Problem description:
The task for the listing below is to write out exactly the lines starting at the one containing "You also have" and ending at the one containing "It has features", both included. Pictures are to be omitted.

Given information:
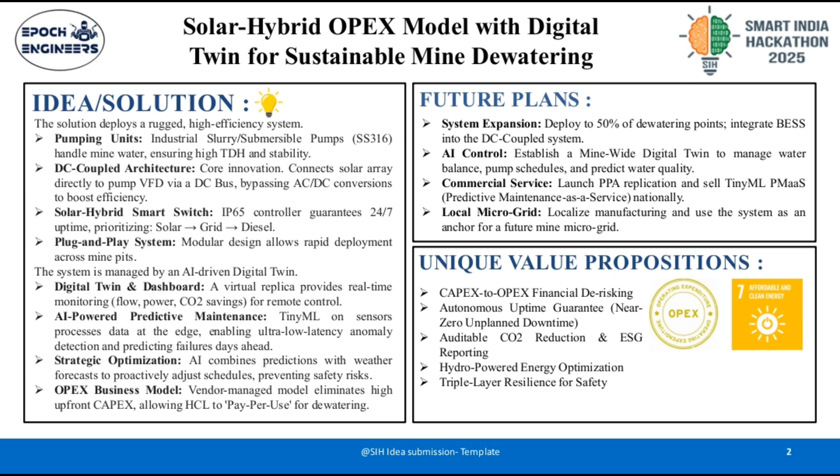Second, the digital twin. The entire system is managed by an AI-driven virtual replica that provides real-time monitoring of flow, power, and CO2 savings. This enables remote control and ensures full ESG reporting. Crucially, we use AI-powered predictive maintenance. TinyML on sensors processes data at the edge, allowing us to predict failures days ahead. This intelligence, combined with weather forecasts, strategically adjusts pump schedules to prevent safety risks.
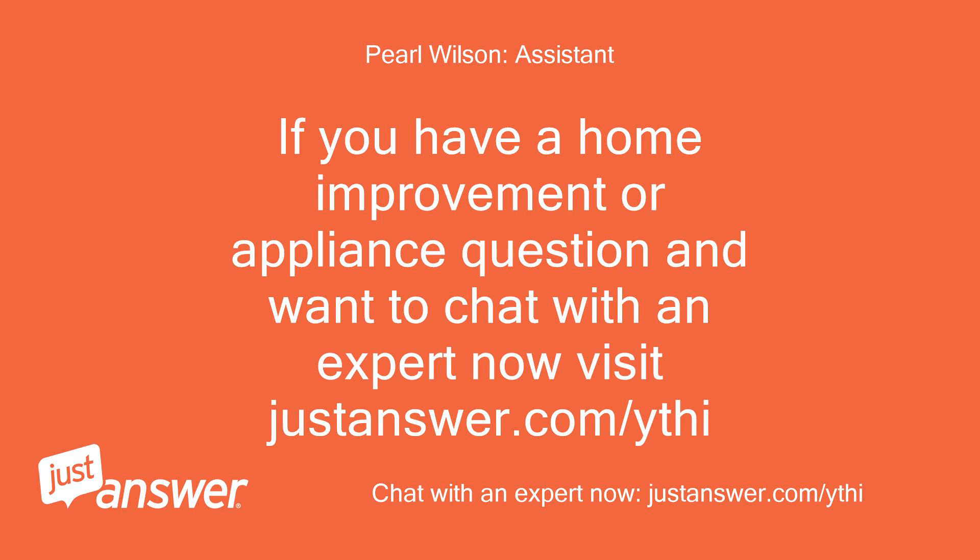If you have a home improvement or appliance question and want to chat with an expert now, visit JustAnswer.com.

* * *

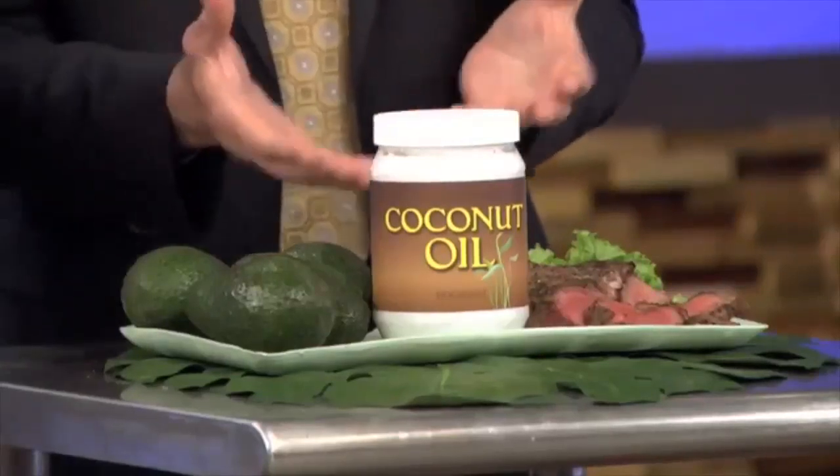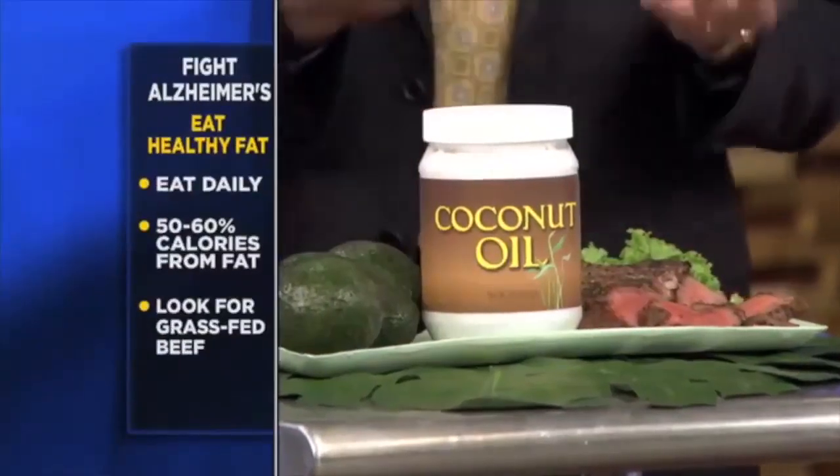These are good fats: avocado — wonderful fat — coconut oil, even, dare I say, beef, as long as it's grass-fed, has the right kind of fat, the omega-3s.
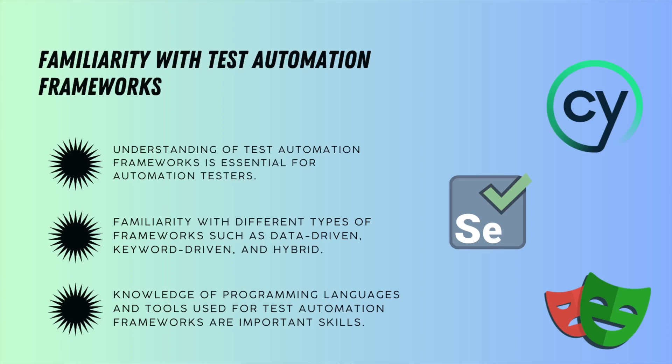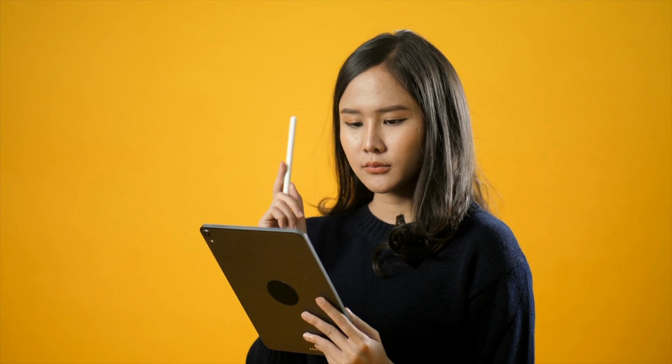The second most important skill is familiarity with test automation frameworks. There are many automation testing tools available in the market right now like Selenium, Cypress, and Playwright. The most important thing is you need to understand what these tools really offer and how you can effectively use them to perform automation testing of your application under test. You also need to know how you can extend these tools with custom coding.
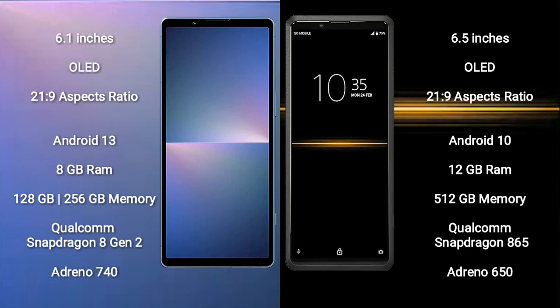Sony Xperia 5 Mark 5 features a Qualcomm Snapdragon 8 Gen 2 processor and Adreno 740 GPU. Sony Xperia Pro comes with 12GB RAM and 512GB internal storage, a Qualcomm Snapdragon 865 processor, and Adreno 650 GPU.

==

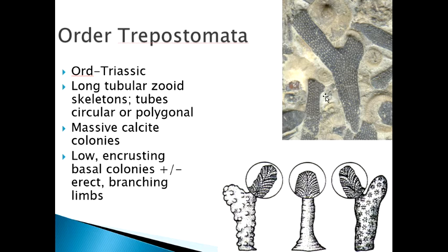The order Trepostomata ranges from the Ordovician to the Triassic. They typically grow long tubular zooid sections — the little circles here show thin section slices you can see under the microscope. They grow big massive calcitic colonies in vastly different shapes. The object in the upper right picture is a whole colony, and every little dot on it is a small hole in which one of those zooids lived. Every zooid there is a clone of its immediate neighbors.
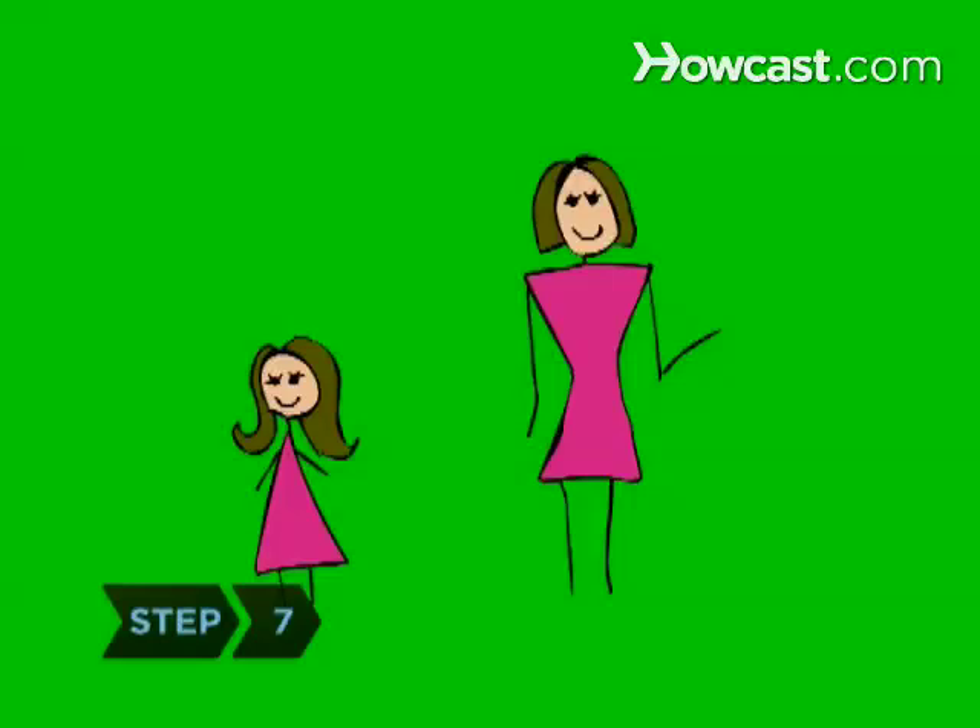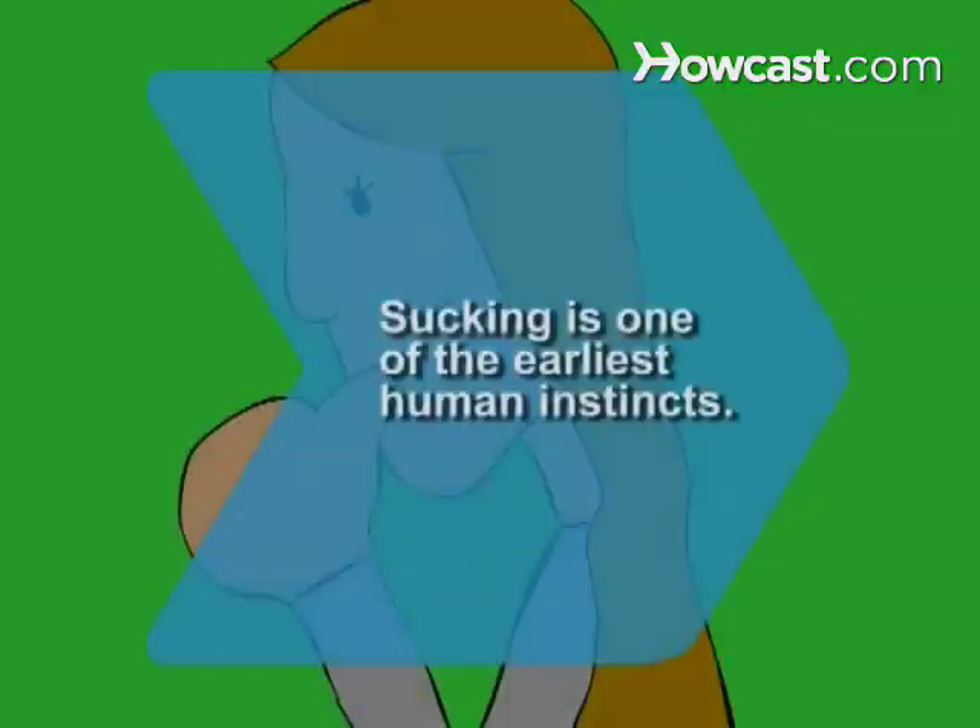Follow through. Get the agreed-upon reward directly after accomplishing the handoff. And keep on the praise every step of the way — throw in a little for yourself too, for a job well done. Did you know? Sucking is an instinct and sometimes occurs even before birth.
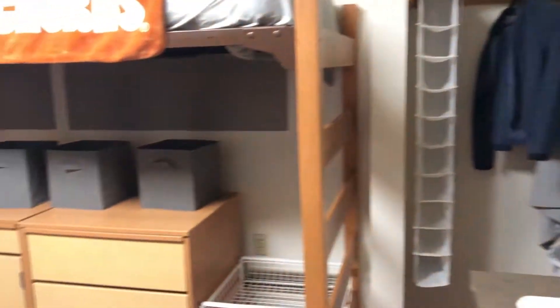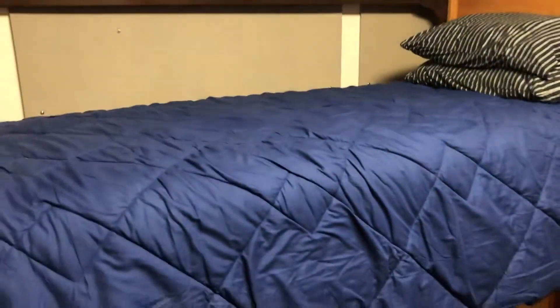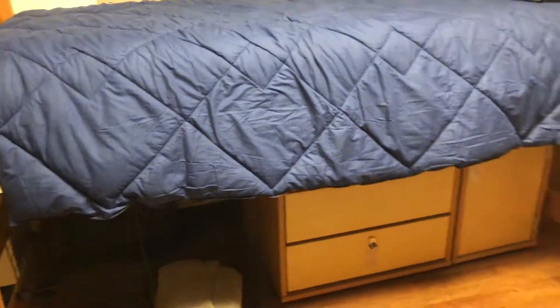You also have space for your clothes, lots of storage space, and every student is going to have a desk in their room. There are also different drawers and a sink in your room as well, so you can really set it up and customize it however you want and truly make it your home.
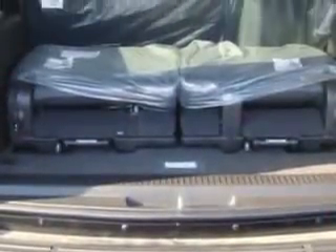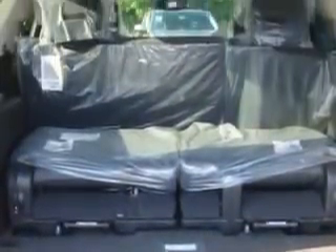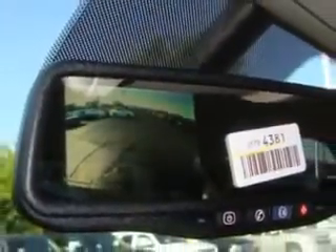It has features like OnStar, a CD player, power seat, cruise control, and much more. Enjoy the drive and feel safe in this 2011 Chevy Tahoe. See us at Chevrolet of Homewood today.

Task response:
You also have space for your clothes, lots of storage space, and every student is going to have a desk in their room. There are also different drawers and a sink in your room as well, so you can really set it up and customize it however you want and truly make it your home.
It has features like OnStar, a CD player, power seat, cruise control, and much more. Enjoy the drive and feel safe in this 2011 Chevy Tahoe. See us at Chevrolet of Homewood today.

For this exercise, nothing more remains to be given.